** Record set follows **

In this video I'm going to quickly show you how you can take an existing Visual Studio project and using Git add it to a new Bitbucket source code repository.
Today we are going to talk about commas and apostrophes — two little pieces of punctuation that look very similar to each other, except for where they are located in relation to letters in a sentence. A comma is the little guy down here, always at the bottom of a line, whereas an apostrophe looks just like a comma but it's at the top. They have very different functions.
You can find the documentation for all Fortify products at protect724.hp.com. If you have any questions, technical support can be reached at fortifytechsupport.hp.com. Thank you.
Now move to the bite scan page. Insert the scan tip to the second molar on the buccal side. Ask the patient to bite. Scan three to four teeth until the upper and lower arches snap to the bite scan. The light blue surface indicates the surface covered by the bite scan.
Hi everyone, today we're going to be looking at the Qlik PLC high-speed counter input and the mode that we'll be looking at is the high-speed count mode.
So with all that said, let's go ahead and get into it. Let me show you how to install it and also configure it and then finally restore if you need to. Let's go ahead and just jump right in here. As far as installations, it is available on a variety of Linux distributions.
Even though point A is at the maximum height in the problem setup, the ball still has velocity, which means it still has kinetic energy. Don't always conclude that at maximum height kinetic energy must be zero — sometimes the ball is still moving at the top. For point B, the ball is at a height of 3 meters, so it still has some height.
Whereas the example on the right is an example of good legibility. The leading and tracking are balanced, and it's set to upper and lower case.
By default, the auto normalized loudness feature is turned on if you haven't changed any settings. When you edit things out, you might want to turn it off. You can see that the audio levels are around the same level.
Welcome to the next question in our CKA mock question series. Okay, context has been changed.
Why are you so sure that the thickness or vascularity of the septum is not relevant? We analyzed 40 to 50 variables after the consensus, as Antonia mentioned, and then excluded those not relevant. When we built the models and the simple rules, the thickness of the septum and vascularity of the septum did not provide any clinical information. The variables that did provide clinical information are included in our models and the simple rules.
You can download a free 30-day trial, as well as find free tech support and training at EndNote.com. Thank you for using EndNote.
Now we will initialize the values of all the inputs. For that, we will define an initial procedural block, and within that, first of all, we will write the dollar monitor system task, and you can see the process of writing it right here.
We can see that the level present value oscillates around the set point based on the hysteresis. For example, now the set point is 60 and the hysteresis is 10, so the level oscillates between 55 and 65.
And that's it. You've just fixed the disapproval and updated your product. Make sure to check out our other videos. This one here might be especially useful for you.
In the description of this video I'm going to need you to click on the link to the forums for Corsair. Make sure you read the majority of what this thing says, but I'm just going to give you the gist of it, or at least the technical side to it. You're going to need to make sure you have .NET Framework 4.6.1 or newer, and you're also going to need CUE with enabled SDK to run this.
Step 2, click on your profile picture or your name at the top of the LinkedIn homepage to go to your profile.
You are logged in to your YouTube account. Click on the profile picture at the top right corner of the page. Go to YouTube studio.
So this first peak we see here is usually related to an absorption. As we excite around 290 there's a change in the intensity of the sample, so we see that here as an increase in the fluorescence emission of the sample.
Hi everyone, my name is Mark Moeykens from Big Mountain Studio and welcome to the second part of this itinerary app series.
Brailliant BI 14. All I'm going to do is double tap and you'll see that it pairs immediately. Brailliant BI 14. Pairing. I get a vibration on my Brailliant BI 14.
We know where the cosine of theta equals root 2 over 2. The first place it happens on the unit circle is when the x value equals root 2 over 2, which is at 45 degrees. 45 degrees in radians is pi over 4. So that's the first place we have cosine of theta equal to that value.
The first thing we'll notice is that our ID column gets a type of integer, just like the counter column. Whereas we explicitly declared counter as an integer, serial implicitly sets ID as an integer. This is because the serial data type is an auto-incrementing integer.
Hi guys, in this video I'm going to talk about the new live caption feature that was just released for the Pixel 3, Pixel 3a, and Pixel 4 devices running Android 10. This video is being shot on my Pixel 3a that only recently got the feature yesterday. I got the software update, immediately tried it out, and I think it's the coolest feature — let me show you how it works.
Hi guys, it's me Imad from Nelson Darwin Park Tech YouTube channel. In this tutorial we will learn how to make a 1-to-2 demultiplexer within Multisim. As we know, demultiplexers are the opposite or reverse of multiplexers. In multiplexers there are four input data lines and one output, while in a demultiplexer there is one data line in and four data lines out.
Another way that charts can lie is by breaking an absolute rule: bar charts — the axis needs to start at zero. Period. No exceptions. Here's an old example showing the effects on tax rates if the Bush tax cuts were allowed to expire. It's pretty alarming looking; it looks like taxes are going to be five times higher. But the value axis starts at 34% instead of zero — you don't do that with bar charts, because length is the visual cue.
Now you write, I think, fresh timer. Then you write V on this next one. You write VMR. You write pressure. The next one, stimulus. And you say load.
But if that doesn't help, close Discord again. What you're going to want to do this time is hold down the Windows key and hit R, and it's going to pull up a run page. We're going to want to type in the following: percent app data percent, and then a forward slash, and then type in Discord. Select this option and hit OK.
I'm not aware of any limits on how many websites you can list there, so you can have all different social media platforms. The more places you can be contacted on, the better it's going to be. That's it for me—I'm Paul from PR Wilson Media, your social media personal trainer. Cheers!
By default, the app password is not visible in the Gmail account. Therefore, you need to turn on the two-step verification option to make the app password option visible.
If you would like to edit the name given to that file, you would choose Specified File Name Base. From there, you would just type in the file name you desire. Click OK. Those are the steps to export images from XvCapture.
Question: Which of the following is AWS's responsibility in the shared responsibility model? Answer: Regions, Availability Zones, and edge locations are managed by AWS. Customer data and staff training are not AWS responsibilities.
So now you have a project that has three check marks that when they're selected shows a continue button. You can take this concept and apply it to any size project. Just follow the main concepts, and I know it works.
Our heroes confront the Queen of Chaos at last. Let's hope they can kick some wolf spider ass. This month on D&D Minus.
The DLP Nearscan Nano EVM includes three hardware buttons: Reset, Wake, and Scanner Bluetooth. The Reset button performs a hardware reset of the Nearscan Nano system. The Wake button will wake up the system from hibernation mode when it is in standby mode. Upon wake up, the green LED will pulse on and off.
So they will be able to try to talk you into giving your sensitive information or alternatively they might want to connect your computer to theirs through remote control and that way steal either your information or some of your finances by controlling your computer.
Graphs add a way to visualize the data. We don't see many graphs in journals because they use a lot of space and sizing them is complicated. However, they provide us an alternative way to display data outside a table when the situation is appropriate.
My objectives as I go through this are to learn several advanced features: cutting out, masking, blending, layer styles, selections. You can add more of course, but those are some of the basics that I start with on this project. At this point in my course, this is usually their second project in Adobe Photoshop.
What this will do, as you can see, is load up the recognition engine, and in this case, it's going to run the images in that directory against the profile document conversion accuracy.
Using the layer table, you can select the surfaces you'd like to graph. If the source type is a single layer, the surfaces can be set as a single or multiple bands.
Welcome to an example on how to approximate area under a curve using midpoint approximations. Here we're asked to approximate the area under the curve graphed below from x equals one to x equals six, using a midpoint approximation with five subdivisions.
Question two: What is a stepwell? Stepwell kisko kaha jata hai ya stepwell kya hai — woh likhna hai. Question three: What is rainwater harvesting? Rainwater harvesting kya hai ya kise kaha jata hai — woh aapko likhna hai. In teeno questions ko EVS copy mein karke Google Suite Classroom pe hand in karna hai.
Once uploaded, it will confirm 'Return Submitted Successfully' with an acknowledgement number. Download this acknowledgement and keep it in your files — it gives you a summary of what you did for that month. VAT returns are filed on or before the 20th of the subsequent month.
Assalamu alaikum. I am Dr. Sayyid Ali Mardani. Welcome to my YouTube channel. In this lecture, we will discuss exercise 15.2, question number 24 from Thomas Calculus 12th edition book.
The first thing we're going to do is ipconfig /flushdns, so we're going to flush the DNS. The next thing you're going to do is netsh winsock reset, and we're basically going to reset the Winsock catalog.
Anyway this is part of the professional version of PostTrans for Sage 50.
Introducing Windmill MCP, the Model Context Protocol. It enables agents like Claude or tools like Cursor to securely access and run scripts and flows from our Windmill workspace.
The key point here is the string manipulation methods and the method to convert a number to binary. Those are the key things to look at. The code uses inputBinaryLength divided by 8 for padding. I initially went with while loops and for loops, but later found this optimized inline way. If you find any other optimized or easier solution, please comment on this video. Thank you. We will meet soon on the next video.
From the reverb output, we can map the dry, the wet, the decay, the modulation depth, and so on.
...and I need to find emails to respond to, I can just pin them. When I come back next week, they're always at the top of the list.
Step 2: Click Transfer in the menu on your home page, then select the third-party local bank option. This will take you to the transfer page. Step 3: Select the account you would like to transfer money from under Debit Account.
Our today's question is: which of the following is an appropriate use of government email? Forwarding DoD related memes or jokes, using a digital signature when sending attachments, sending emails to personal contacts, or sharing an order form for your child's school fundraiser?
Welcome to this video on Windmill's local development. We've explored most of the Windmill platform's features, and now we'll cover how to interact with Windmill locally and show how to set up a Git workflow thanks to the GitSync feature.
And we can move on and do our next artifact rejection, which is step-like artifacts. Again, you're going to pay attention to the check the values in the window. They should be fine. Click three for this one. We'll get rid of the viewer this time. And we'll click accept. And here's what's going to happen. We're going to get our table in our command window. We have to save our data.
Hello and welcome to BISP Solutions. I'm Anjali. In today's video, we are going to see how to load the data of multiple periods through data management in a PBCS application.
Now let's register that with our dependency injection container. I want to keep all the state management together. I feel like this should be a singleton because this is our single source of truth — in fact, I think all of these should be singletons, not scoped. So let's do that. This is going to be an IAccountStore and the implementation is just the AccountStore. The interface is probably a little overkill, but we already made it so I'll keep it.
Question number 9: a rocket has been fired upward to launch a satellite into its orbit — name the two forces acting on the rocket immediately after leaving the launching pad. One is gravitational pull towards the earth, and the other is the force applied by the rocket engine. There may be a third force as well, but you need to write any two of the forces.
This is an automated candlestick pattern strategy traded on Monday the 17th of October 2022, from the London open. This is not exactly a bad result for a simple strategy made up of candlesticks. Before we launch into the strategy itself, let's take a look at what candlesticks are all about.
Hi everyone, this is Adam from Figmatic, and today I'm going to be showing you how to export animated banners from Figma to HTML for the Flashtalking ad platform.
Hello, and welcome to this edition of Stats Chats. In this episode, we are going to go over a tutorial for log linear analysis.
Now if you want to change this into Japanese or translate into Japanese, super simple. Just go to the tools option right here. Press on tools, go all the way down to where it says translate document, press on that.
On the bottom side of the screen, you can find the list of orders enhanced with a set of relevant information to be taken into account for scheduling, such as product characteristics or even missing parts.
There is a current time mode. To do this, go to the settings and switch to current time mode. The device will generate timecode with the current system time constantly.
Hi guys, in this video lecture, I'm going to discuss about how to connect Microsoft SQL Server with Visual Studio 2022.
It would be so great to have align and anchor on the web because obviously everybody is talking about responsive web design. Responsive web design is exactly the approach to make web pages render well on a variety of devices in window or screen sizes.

** End of Record set **

## The task
Output each line exactly, from the first line of the data down to the line that contains "Hi everyone, today", both included.

## Task answer
In this video I'm going to quickly show you how you can take an existing Visual Studio project and using Git add it to a new Bitbucket source code repository.
Today we are going to talk about commas and apostrophes — two little pieces of punctuation that look very similar to each other, except for where they are located in relation to letters in a sentence. A comma is the little guy down here, always at the bottom of a line, whereas an apostrophe looks just like a comma but it's at the top. They have very different functions.
You can find the documentation for all Fortify products at protect724.hp.com. If you have any questions, technical support can be reached at fortifytechsupport.hp.com. Thank you.
Now move to the bite scan page. Insert the scan tip to the second molar on the buccal side. Ask the patient to bite. Scan three to four teeth until the upper and lower arches snap to the bite scan. The light blue surface indicates the surface covered by the bite scan.
Hi everyone, today we're going to be looking at the Qlik PLC high-speed counter input and the mode that we'll be looking at is the high-speed count mode.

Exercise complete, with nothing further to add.